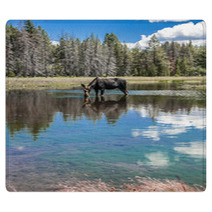 Moose Standing In Reflecting Lake Rugs 67103644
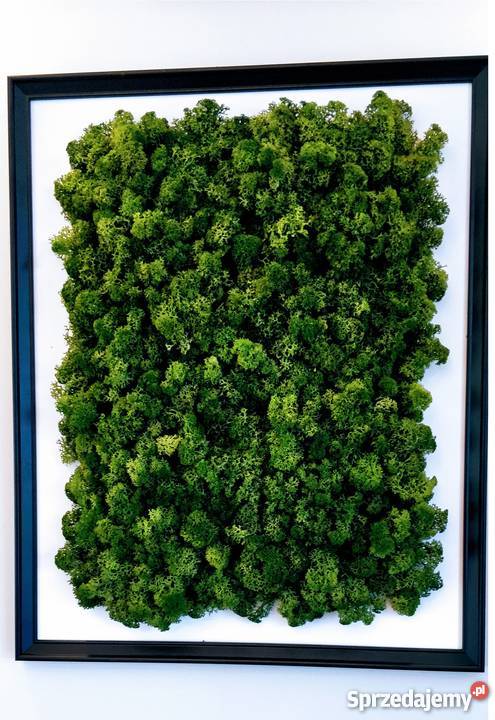 Obraz 50x70 mech chrobotek w czarnej ramie odcienie zieleni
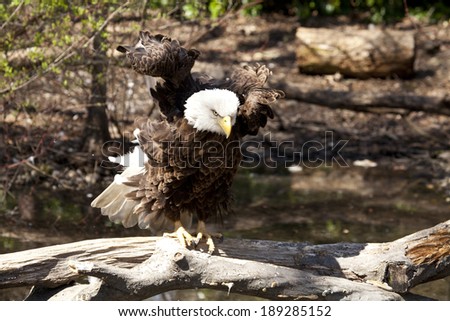 The Bald Eagle (Haliaeetus leucocephalusis) a bird of prey found in North America.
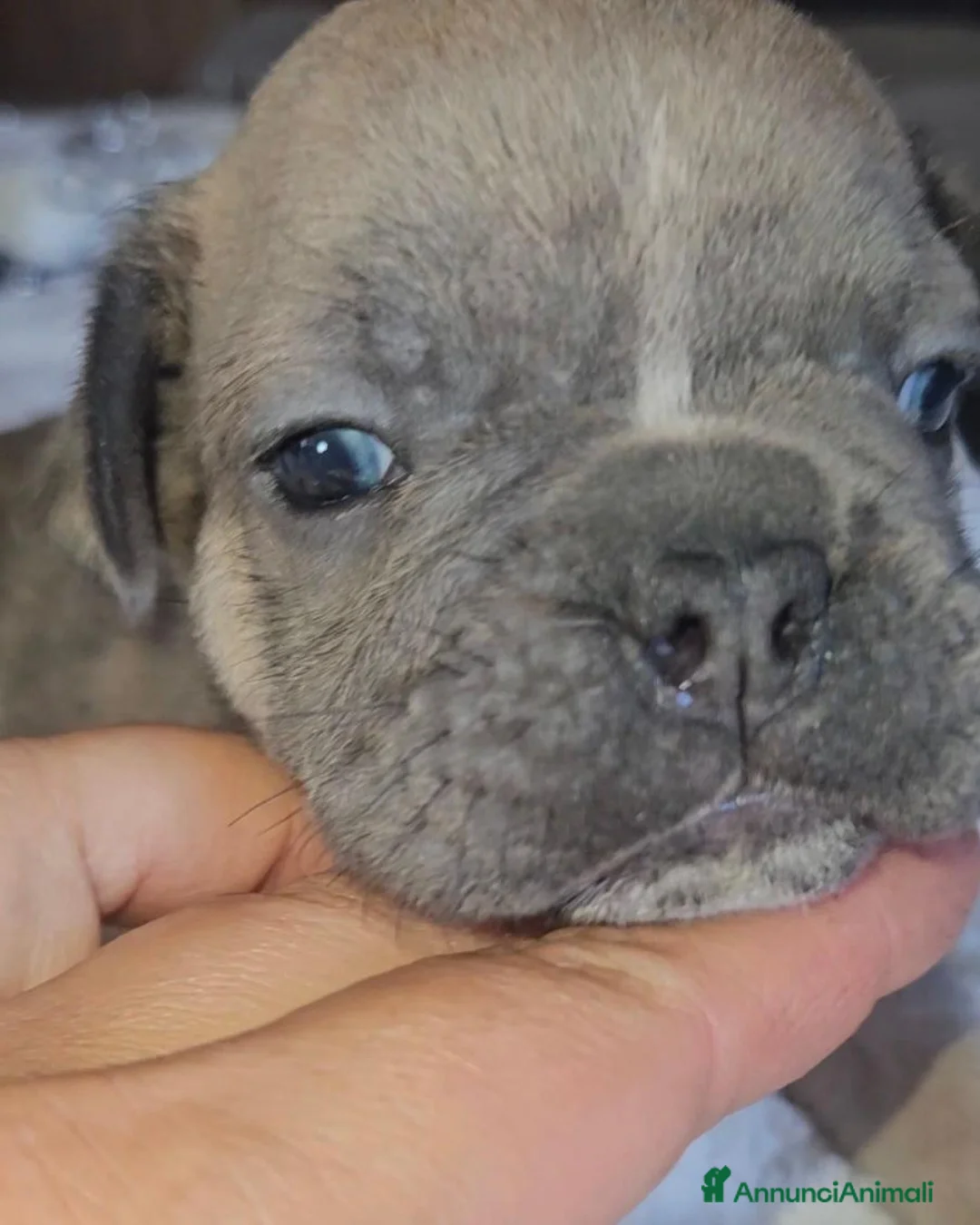 Bulldog Francese cani in vendita: Bulldog francese  a Città Metropolitana di Bologna - Annuncio 2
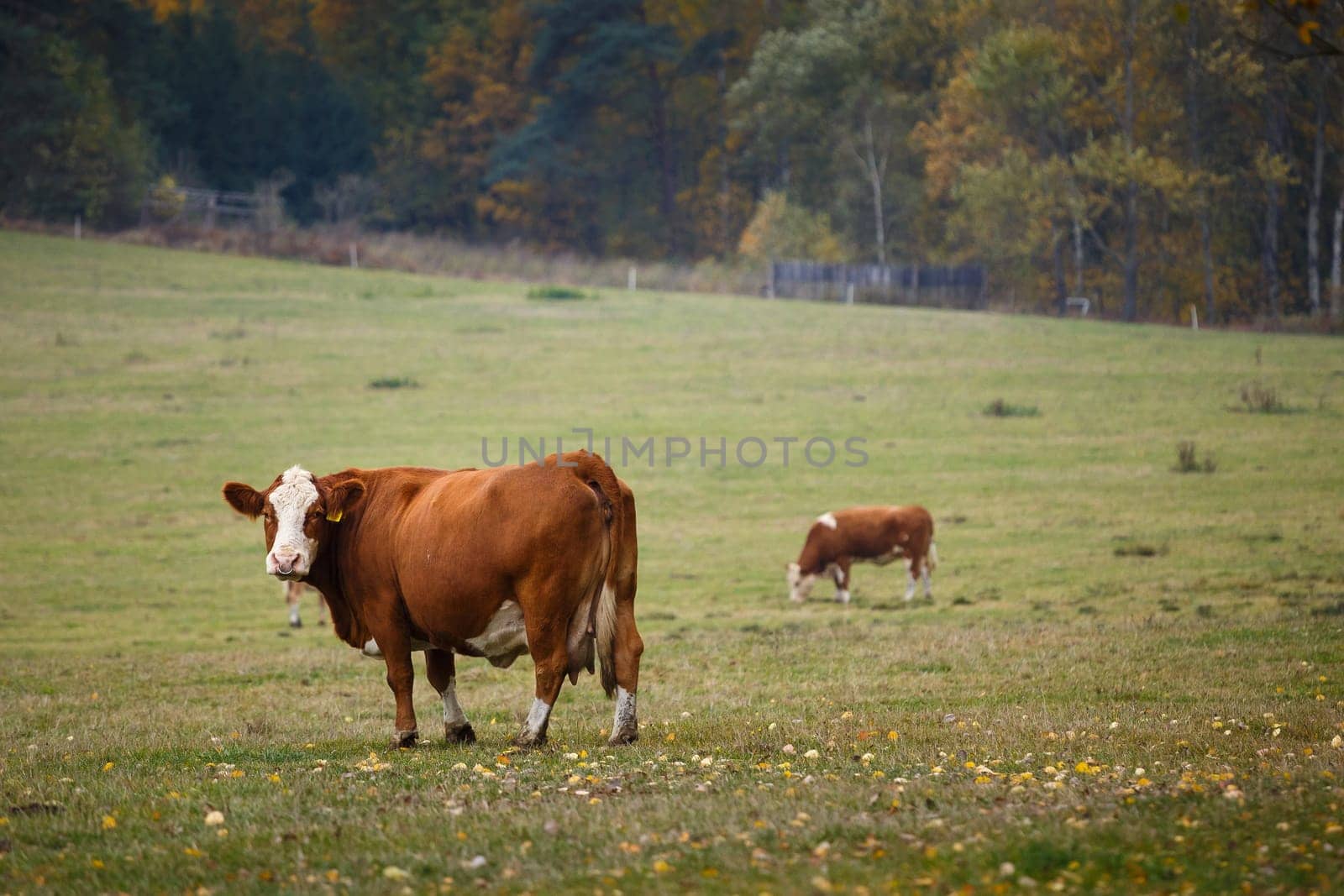 Cows grazing on autumn pasture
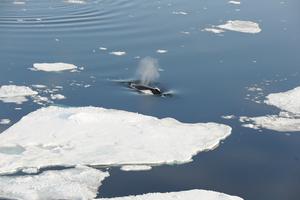 Bowhead whale credit Kit Kovacs and Christian Lydersen - Norwegian Polar Institute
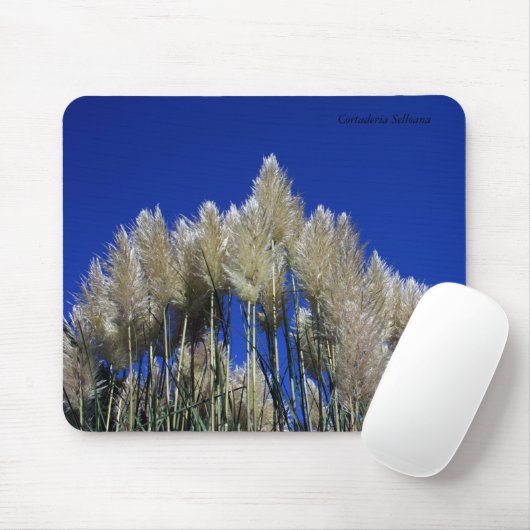Pampas Grass Mousmat Muismat (Met muis)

◆ **What to work on**: Every line between the one containing "Bowhead whale credit" and the end of the listing, both included, needs to be retyped exactly, minus the pictures.

◆ **Solution for this problem**:
 Bowhead whale credit Kit Kovacs and Christian Lydersen - Norwegian Polar Institute
Pampas Grass Mousmat Muismat (Met muis)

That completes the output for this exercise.